Critics who opposed T-Mobile’s merger with Sprint often cite the loss of jobs due to the deal. Throughout the regulatory proceedings around the merger, T-Mobile executives emphasized the notion of creating more jobs rather than eliminating redundancies, as mergers tend to do.
As part of Wednesday’s announcements, T-Mobile EVP/Consumer Group Jon Freier announced Hometown Jobs, a plan to create 7,500 new jobs in rural areas. Over the next two years, it will open up “hundreds” of new stores in small towns across the country. These stores will create 5,000 new jobs, along with jobs for people who build, furnish and maintain them, he said.
But it would be difficult to open a store in every town, so T-Mobile is creating what it calls a new model to disrupt the status quo, he said. It’s called Hometown Experts – there are no storefronts involved, so T-Mobile doesn’t have that expense. Instead, the Hometown Experts will act as official T-Mobile representatives, like a one-person store but without the physical building, explained Freier. They can help customers get connected with Home Internet and other needs. T-Mobile said it plans to hire and train 2,500 Hometown Experts in 2,500 small towns over the next two years.
Uptake still big question
T-Mobile previously forecast it could serve 7 million to 8 million subscribers with fixed wireless by 2025, but some analysts think it will end up being half that, or less.
In a report for investors prior to today’s announcement, New Street Research analyst Jonathan Chaplin noted that T-Mobile makes 40 times the revenue per GB from mobile subscribers than they would from fixed broadband subs, so they’re only going to sell capacity to fixed broadband subs in markets where they have more capacity than their mobile subs could ever possibly use.
Based on New Street’s estimates for T-Mobile’s capacity, subs, usage per mobile sub and usage per fixed sub, the operator could support 4.1 million average fixed broadband subs in markets where T-Mobile has excess capacity.
The analysts also noted they’re not sure what the demand will be for the product. “We don’t think there would be much demand at all in markets with fiber or upgraded cable at the $60 T-Mobile has been charging; they will have to lower the price to engage any demand at all,” he wrote.

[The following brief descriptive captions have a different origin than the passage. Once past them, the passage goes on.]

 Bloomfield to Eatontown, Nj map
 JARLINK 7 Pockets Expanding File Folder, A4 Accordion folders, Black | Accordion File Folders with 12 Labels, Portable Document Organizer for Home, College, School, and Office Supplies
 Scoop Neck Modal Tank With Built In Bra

‘Un-carrier’ moves under scrutiny
The topic of home broadband was widely expected for this “un-carrier” move. But as some in the industry have observed, including analyst Mark Lowenstein, it looks as though T-Mobile’s old brashness when it came to “un-carrier” moves has worn off as the lower-hanging fruit was picked off.

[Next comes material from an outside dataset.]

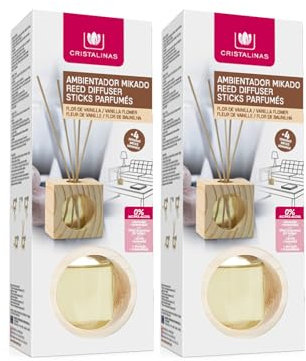 CRISTALINAS. Ambientador Mikado. Cubo de Madera con Varillas de ratán. 0% Alcohol Mas de 4 semanas de duración. 30ml. Aroma Vainilla. (Pack 2)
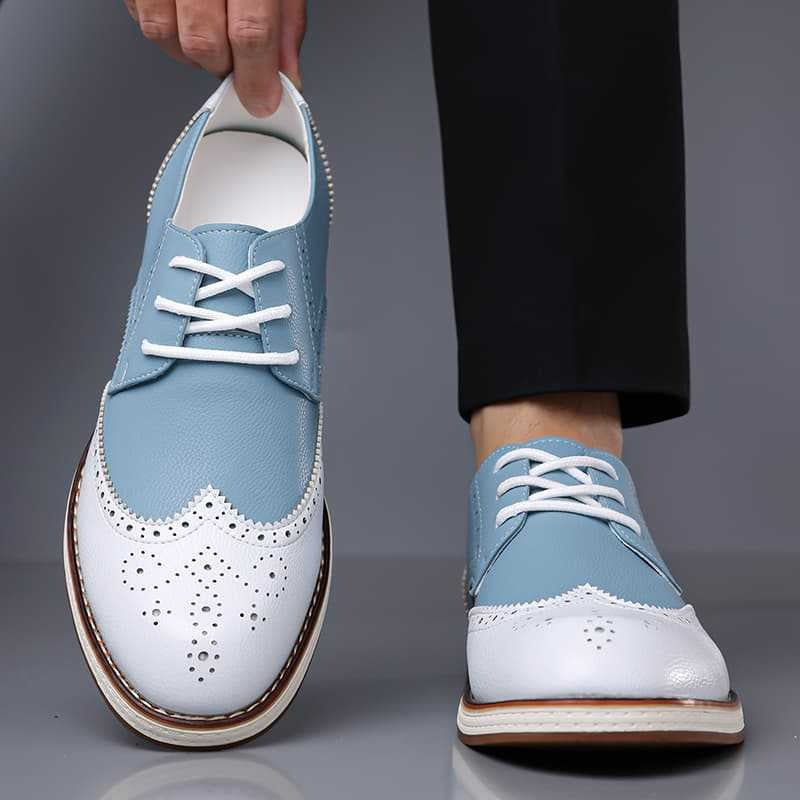 Guillermo | Blucher de Cuero con Detalles Brogue Bicolor para Hombre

@TMobile Home Internet does not add up to me. They release huge list of markets where it's available, yet only 20m HH in urban areas can get it today, and which of those HH is 'eligible' seems very random (from a customer perspective). Very '5GE'-ish.— Mark Lowenstein (@marklowenstein) April 7, 2021
One of its “un-carrier” moves, the TVision announced in October, went sideways and T-Mobile ended up announcing it will shut down its TVision Live and TVision Vibe streaming TV services just five months after they first launched. The company then turned it into a deal about Google’s YouTube TV and an offering from over-the-top TV provider Philo.
There have been other shots at its “un-carrier” positioning as well since the merger with Sprint. Faced with an unexpected shutoff of Sprint’s CDMA network by January 1, 2022, Dish Network wasted no time in accusing T-Mobile of losing its “un-carrier” ways. Dish has suggested that T-Mobile’s moves are downright anti-competitive, in that if Dish/Boost doesn’t have access to the CDMA network, a lot of those customers will land in the hands of T-Mobile or be left without any service at all.
Article updated April 8 with additional information about spectrum bands for Home Internet.